Downloading content from Rapidshare.com using wget and bash

I was trying to find a program to automate the process of downloading content from rapidshare.com, I used to use RapidGet however this only works on windows and while it’s possible to run it on other platforms like linux using wine (I haven’t tried darwine on osx but I’m sure it would work) it’s not the ideal solution. I also found some issues with using RapidGet the most irritating being that sometimes it wouldn’t download files correctly and I would have to download the file manually in a browser. One of the other features I wanted was to remotely download files from a different machine, while this is also possible using linux and wine and forward the X11 calls over ssh. This solution is still not ideal because you need to be logged into the machine and leave the ssh session open until RapidGet is finished, pretty messy. So I decided to bite the bullet once rapidshare.de started to forward all their content to rapidshare.com and write my own bash script.

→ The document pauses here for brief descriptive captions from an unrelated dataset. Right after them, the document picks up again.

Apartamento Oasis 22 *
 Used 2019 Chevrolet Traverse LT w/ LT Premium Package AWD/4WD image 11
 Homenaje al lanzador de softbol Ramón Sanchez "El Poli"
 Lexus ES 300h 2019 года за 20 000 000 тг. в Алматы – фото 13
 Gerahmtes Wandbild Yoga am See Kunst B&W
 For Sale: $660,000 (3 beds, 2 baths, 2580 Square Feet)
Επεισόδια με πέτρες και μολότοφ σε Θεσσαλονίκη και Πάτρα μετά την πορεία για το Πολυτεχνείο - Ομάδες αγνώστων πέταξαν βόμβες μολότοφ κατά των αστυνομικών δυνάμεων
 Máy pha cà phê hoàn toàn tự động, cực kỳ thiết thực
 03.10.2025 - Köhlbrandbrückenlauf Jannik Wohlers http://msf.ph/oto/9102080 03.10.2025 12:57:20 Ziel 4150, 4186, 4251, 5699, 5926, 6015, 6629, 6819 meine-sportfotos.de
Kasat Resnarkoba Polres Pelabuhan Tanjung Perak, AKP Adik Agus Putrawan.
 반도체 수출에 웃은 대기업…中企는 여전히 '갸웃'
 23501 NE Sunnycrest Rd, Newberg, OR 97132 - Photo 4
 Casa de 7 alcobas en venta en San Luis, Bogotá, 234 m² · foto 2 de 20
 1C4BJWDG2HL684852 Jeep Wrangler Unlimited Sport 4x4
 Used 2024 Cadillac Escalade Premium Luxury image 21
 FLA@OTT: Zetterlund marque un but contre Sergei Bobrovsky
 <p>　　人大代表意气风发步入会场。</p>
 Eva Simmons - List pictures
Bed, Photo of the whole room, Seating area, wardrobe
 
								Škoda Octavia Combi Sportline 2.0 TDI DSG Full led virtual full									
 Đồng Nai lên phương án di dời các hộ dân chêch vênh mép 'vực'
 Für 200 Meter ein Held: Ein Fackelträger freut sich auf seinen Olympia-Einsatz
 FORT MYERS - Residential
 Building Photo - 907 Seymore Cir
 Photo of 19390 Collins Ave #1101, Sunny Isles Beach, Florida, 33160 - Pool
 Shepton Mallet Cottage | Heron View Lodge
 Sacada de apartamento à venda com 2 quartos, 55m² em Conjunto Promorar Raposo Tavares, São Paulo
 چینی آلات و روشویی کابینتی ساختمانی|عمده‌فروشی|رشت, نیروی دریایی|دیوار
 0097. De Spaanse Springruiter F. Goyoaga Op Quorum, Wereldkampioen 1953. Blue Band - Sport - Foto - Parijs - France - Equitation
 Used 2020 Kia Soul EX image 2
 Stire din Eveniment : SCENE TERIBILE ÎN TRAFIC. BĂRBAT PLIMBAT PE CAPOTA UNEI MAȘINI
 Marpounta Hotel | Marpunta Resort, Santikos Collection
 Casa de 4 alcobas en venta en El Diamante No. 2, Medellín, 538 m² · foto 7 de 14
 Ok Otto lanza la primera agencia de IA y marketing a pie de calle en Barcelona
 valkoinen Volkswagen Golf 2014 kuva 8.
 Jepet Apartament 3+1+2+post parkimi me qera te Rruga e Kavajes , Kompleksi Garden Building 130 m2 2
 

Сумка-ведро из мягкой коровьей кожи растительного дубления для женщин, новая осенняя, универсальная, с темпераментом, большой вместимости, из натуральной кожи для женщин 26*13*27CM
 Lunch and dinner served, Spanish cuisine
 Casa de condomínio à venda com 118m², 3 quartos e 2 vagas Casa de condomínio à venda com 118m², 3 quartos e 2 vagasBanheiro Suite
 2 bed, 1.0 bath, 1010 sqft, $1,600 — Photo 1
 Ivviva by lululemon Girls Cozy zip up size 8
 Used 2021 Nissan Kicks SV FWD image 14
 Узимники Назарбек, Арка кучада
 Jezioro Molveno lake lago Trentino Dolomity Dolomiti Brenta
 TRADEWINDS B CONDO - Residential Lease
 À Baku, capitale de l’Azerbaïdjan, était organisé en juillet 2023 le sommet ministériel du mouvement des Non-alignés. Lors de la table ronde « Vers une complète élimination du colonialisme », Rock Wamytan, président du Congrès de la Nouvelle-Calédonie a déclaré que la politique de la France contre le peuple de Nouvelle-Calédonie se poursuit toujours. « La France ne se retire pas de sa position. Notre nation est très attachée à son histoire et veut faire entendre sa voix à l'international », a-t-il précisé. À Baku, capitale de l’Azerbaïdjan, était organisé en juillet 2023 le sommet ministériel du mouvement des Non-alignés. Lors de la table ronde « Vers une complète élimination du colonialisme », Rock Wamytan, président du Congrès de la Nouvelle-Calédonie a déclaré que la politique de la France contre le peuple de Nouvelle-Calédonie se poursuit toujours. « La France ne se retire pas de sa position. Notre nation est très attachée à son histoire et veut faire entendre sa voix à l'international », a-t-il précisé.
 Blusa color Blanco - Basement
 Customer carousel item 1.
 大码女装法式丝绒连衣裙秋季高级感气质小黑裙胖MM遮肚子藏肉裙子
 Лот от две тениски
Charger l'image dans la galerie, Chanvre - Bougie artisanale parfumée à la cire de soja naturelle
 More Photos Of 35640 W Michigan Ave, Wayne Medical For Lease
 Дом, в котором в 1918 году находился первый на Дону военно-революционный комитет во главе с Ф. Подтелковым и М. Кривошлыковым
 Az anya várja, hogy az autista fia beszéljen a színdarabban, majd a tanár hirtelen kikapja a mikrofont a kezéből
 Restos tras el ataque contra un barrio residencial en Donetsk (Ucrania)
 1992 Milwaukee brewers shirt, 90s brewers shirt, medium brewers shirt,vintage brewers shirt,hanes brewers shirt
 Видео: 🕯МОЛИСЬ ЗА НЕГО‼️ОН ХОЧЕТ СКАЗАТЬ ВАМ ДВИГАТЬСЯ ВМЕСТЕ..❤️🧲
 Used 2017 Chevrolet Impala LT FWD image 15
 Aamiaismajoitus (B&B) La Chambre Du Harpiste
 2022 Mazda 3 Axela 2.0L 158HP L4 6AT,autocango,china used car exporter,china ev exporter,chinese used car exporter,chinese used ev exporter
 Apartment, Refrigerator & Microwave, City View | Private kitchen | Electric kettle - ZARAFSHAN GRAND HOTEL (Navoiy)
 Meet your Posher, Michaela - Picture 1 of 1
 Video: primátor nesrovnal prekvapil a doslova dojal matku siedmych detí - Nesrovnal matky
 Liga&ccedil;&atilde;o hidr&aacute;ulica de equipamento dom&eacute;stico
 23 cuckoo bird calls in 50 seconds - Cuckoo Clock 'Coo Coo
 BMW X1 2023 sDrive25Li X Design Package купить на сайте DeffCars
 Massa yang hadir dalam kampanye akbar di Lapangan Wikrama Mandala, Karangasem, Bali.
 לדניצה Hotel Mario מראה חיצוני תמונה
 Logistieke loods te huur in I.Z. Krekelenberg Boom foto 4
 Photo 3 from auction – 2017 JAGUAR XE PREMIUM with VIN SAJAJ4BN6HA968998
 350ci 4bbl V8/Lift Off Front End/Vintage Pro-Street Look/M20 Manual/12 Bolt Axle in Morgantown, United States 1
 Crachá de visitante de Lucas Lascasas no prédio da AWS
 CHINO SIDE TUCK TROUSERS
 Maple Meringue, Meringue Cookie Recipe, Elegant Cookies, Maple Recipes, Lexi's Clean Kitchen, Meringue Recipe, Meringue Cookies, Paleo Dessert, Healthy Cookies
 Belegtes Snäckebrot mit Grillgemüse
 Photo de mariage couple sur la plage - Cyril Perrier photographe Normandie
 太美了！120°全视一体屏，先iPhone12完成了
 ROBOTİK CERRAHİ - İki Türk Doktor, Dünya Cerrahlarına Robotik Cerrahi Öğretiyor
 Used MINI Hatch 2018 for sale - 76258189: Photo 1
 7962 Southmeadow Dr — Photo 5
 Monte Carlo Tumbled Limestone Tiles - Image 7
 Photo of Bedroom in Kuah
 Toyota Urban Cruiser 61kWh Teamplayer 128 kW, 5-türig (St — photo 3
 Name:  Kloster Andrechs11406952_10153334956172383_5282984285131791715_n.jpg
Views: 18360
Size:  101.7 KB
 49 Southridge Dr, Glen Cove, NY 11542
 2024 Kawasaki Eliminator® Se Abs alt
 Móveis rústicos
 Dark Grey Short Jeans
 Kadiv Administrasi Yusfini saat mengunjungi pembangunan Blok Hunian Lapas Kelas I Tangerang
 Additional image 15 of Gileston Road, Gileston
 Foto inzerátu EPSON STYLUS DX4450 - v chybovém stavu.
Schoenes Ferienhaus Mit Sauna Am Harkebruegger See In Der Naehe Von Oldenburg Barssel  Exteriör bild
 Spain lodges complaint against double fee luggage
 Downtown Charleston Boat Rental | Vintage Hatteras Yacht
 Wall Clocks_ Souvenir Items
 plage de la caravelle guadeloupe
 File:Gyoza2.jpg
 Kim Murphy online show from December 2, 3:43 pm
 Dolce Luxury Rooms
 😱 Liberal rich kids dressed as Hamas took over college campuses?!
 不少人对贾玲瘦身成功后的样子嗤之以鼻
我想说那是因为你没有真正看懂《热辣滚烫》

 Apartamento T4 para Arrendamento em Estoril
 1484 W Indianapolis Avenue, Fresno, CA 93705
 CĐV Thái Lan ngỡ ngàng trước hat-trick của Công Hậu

The script requires you to have a rapidshare premium account and the following programs and script to run correctly.

sed, wget, list_urls.sed

sed and wget are available on most if not all platforms Cygwin on Windows, fink or darwin ports on Mac OSX, and under linux or unix repositories. I use ubuntu so in the unlikely situation that wget or sed are not installed you can install them by typing sudo apt-get install sed wget list_urls.sed is a sed script available at the sed site on sed.sourceforge.net. list_utls.sed extracts all the hyper-link urls from a file.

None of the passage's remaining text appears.